Aim of the exercise:
Beginning with the first line, retype exactly the records below up to and including the line with "Now for part"; pictures do not belong in the copy.

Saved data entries
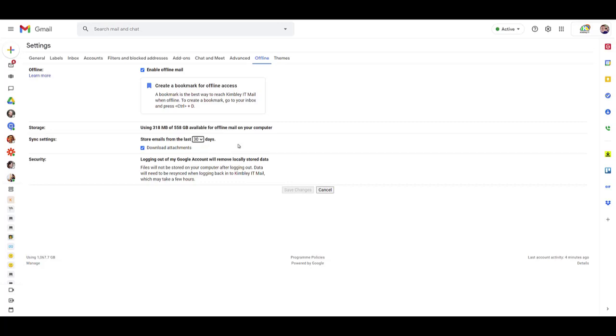You'll be able to compose new emails, and the next time you're back online, it will sync up. It will send any emails you composed while offline and download any new emails you didn't have access to when you were offline.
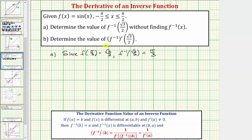Now for part B, we're asked to determine the value of f inverse prime of square root three divided by two, or the derivative of f inverse at x equals square root three divided by two. Looking at the formula: if f of a equals b, and f is differentiable at the point a comma b, and f prime of a doesn't equal zero, then f inverse of b equals a, and f inverse is differentiable at b comma a, and the formula we need is f inverse prime of b equals one over f prime of f inverse of b, which simplifies to one over f prime of a.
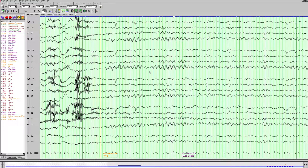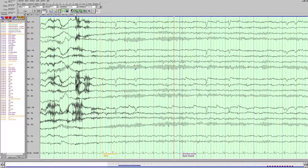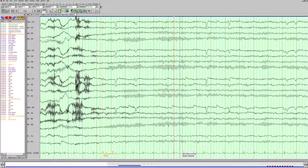The next thing we want to look at is the background amplitudes. We can measure with our measuring tool here — the voltage is about 37 microvolts at the largest, and the smallest is probably about 10, so we would say between 10 and 40 microvolts. Then we want to look at the symmetry between the sides. The symmetry in terms of frequency is equal, looking nice and symmetric, and the symmetry with the amplitudes looks equal as well.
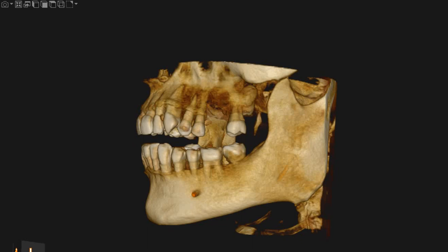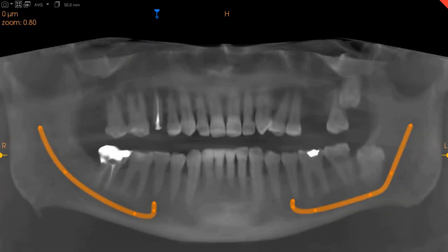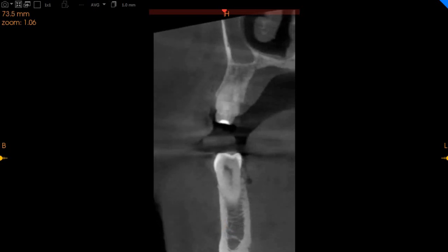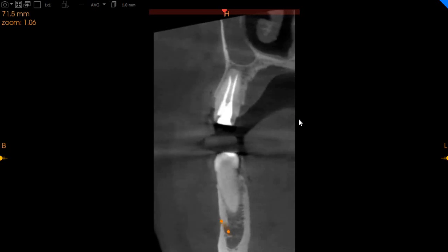The area of interest is the upper left 6, which is edentulous, and the upper right 5, which is endodontically treated. The upper right 5 has two canals. Both canals have been obturated. There is a radiolucency present on the mesial aspect of the tooth and there is a little bit of root resorption there as well.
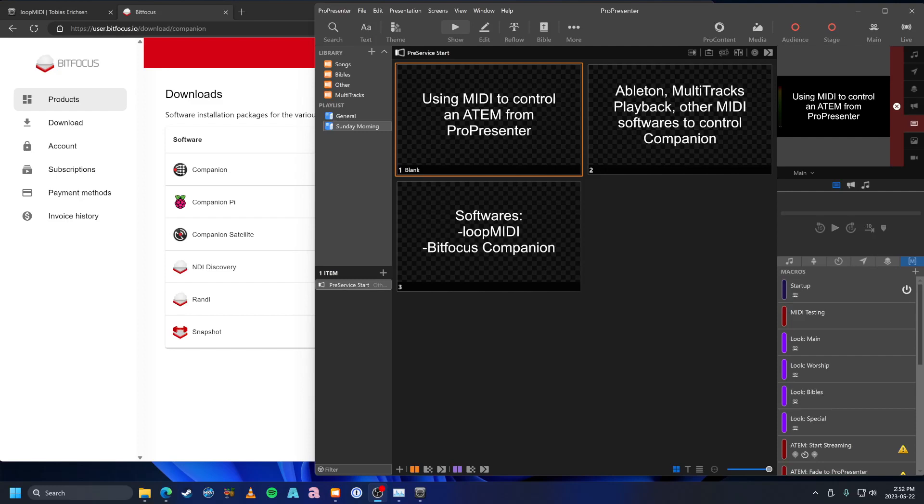Hey guys, I noticed there is no good YouTube tutorial on how to use ProPresenter on a PC to control an ATEM, so I figured I'll make one.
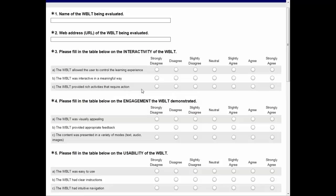What we would expect is that students who thought it was highly interactive would probably click items like that, and then those items would correlate with each other. However, if a student did something like this, we might think they're not going to correlate with each other.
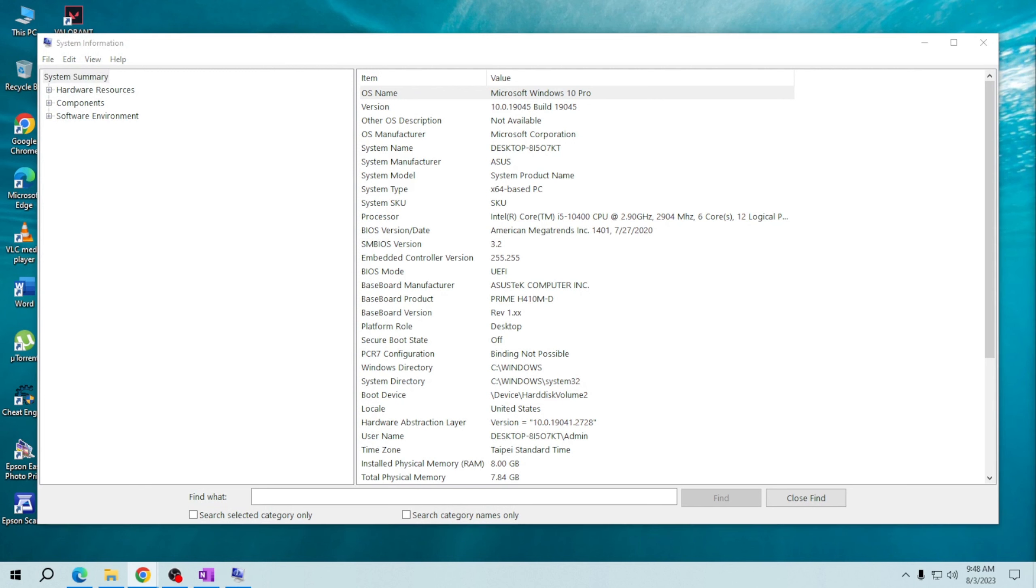Once the System Information window opens, you'll find an overview of your computer's hardware specifications. Here you can see information such as the processor model, installed RAM, and system type, whether it's a 32-bit or 64-bit operating system.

Response to the exercise:
You'll be able to compose new emails, and the next time you're back online, it will sync up. It will send any emails you composed while offline and download any new emails you didn't have access to when you were offline.
Now for part B, we're asked to determine the value of f inverse prime of square root three divided by two, or the derivative of f inverse at x equals square root three divided by two. Looking at the formula: if f of a equals b, and f is differentiable at the point a comma b, and f prime of a doesn't equal zero, then f inverse of b equals a, and f inverse is differentiable at b comma a, and the formula we need is f inverse prime of b equals one over f prime of f inverse of b, which simplifies to one over f prime of a.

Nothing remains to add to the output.